En effet, les prélèvements sur les revenus salariaux des ménages ne financent qu'une fraction des bénéfices publics en nature et en espèces qui leur sont attribués.

Au total, le coin fiscalo-social , contrairement à ce qui est trop souvent affirmé, ne rend nullement compte d'un quelconque effet de l'intervention publique sur le pouvoir d'achat des ménages.

Tout au plus, peut-on le considérer comme un indicateur du niveau relatif de la contribution des salariés au financement de ressources collectives, dont ils sont pour une part largement majoritaire, les bénéficiaires.

Il reste au fond une seule question . Si on constate, au niveau individuel, qu'il n'existe pas de correspondance entre les prélèvements subis et les avantages financés par ces prélèvements et consommés, ce qui, dans un système fiscal redistributif ne doit pas manquer de se vérifier, il devient probable que certains - les plus « contributifs » - cherchent à échapper à cette mécanique réductrice, pour eux, de revenus. Dans un monde où les frontières nationales s'effacent en partie, de tels phénomènes de nomadisme fiscal sont, en théorie, prévisibles. Le Sénat, dans plusieurs de ses excellents rapports, a tenté d'évaluer l'ampleur de ce phénomène dont l'actualité des faits divers - « l'évasion fiscale » au coeur de l'Europe - a rappelé récemment la réalité.

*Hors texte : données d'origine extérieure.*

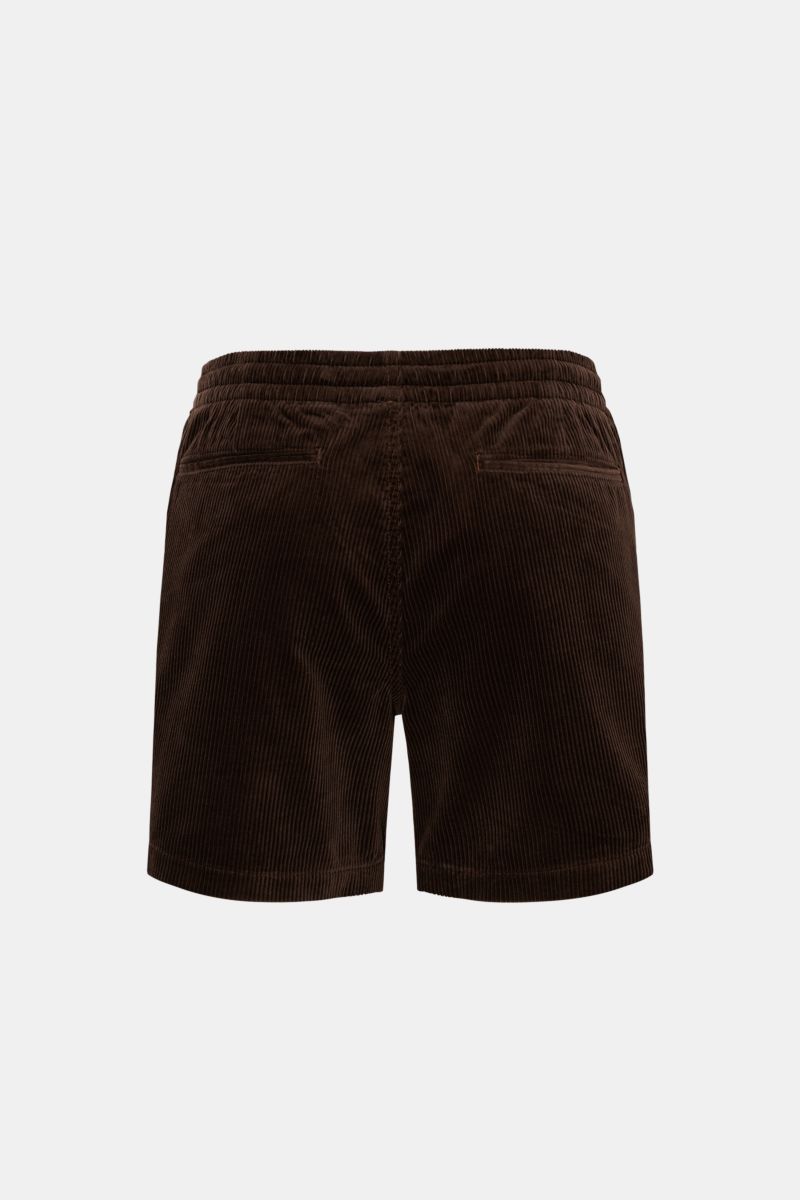 Rear view of Polo Ralph Lauren Cord-Shorts dunkelbraun in dark brown corduroy with elastic waistband, tunnel drawstring, French pockets, piped back pockets, and logo embroidery, made of pure cotton with a soft feel and regular fit. Die legeren Shorts a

Ce n'est pas le sujet du présent rapport que de revenir sur cette question, et encore moins de proposer des solutions.

Il reste cependant à indiquer, à l'heure où le patriotisme économique est à la mode, que certains pays - les États-Unis notamment - savent donner à ce problème des réponses fiscales concrètes dont l'efficacité mériterait d'être appréciée.